Another issue I have with the article is that it almost assumes that the Bible times, laws, and writers were closed minded imbeciles, clueless about real love or relationships.  It takes on an apologetic for equality and human rights in the modern culture of sexual freedom and choice.  I just can’t accept that, being a Christian.  That doesn’t mean gays are evil; it means homosexuality is sinful according to Hebrew/Christian scripture.  In no way is it allotted for, and that’s clear to me from the Greek in 1 Corinthians – when Paul condemns so many flavors of sexual immorality, specifically the more blanket “homosexuals” and also “male prostitutes” – the givers, and takers, of immoral sexual conduct.  David/Jonathan doesn’t cut it as a Biblical example of homosexual love and affection.  Read it all.  Ruth doesn’t cut it for approved and blessed pre-marital sex.  Even if laying at his feet was sexual (in the Hebrew) as some scholars say, it falls into the same category as the David/Bathsheba situation.  Approved of, no.
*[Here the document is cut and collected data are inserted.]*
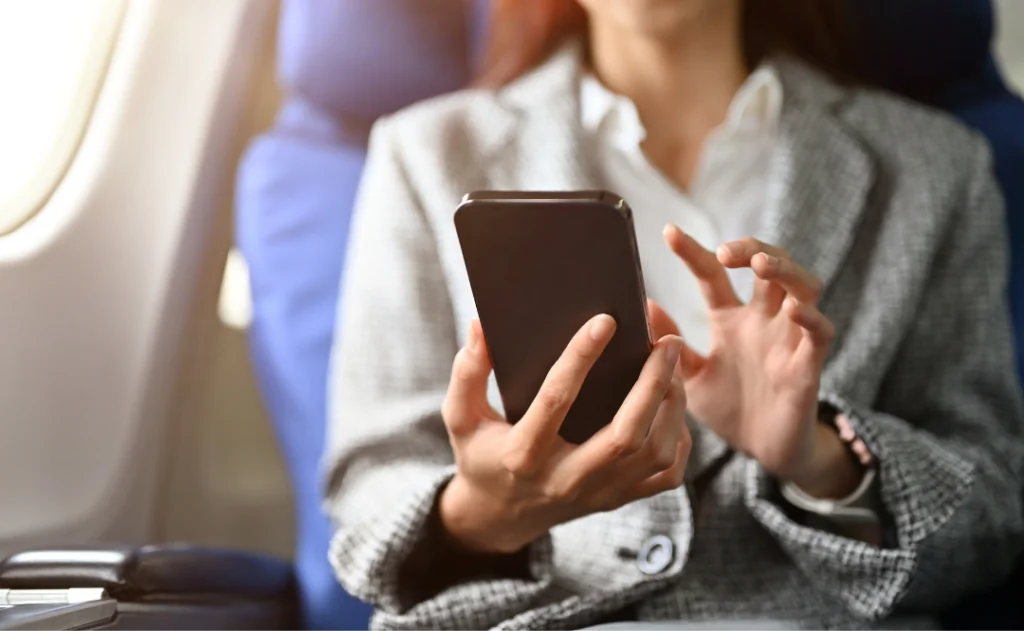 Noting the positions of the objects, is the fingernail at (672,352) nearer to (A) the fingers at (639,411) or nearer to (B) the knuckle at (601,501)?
(A) the fingers at (639,411)

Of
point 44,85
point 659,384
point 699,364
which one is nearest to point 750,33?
point 699,364

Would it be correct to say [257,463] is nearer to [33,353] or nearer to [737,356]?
[33,353]

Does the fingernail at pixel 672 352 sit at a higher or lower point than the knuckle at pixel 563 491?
higher

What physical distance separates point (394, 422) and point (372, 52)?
0.45m

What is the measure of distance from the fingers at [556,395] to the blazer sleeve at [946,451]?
0.24 metres

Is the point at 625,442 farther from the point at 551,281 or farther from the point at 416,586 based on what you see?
the point at 416,586

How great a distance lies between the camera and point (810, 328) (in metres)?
0.60

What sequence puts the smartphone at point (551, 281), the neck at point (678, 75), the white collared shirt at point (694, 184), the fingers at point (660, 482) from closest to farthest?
the smartphone at point (551, 281), the fingers at point (660, 482), the white collared shirt at point (694, 184), the neck at point (678, 75)

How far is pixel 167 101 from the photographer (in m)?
1.06

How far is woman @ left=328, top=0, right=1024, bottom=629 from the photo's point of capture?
2.06 ft

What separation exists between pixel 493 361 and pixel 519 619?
206 millimetres

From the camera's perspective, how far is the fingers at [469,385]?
0.58 meters

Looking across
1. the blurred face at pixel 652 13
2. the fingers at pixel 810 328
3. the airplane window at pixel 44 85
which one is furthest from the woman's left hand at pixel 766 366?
the airplane window at pixel 44 85

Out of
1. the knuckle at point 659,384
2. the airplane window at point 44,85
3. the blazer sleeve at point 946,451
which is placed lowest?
the blazer sleeve at point 946,451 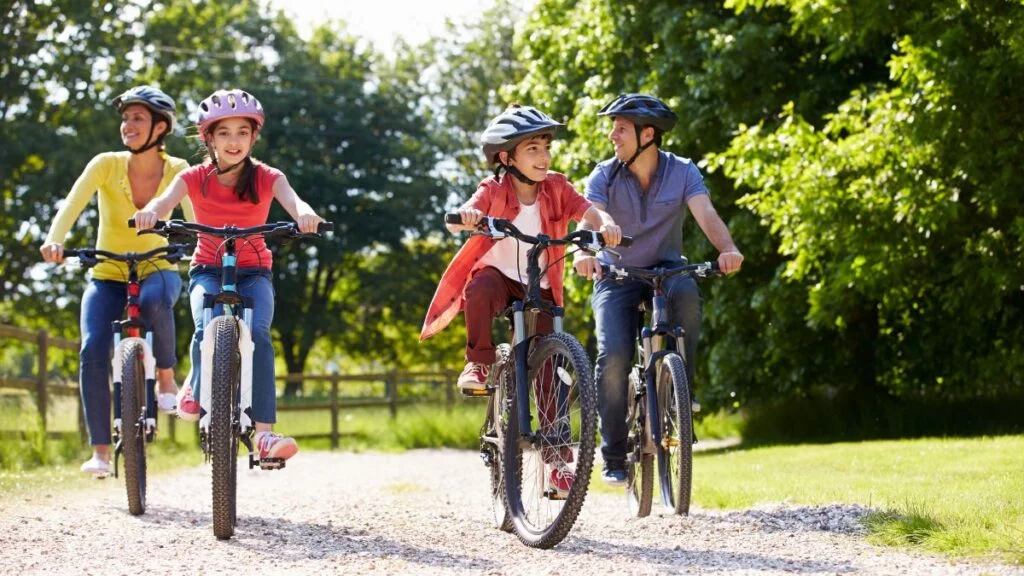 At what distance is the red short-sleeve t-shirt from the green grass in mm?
2800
The final thing I take issue with in this article, is the statement, “Fourth, we do well to recognize that biblical standards are not always our standards, and nor should they be.”  This statement is especially troubling.  If Biblical standards are not our standards, what are our standards?  Societal consensus?  If that is the case, who is to say that child pornography, rape, or any other thing that we still currently deem (societally) is evil?  What if the natural evolution of things goes to that point where sex with your mother is totally acceptable, since she nursed you, and there’s already an intimate fleshly connection with her?  Or pedophilia is acceptable?  Or perish the thought, beastiality?  Waiting for Society to determine its own standards for right and wrong is suicide.  Among other things, it was the demise of the Romans and Greeks.  The Bible’s standards are universal in the sense that they apply cross-culturally and across time; we just need to understand what they are and why.

If you’ve read this far… and hopefully you have!   I HAD to write this.  Not because of any one person, or need to vent my seething vitriol, but because I NEED to understand how Christians counter the very loud, vocal pleas of the American Human Rights agenda.  If you are reading this and are gay, I beg of you not to be personally offended by my convictions or statements.  I realize people make their own choices, and have a God-given right to that.  I am one of those who is actually a Christian minister trying to be relevant, real, authentic, and Biblical all at the same time.  But I’m sick of – hate it frankly – people making Christianity the punching bag because of some people who wield it like a flailing stick in ignorance, or enthusiastic venom to defend truth.  I believe Christianity was meant to save lives, to give it meaning and real fulfillment; not to propel an agenda.  I believe Christ died to give people who live hopelessly empty lives a chance for fulfillment.  I believe that’s how God intended man and woman to live; in holiness, and in true love and compassion to those around them; not to divide, destroy, hate, and bully-whip people who live contrary to the way the Bible says to live.

Christ died so that at the right time – the plank, the chair, the injection table, or whatever capital means of punishment you can imagine – so that we didn’t have to die that death.  He did is FOR us.  That love, that selflessness demands my soul, my life, my all.  And it demands I find a way to make the gospel real and relatable to those who least want to hear it.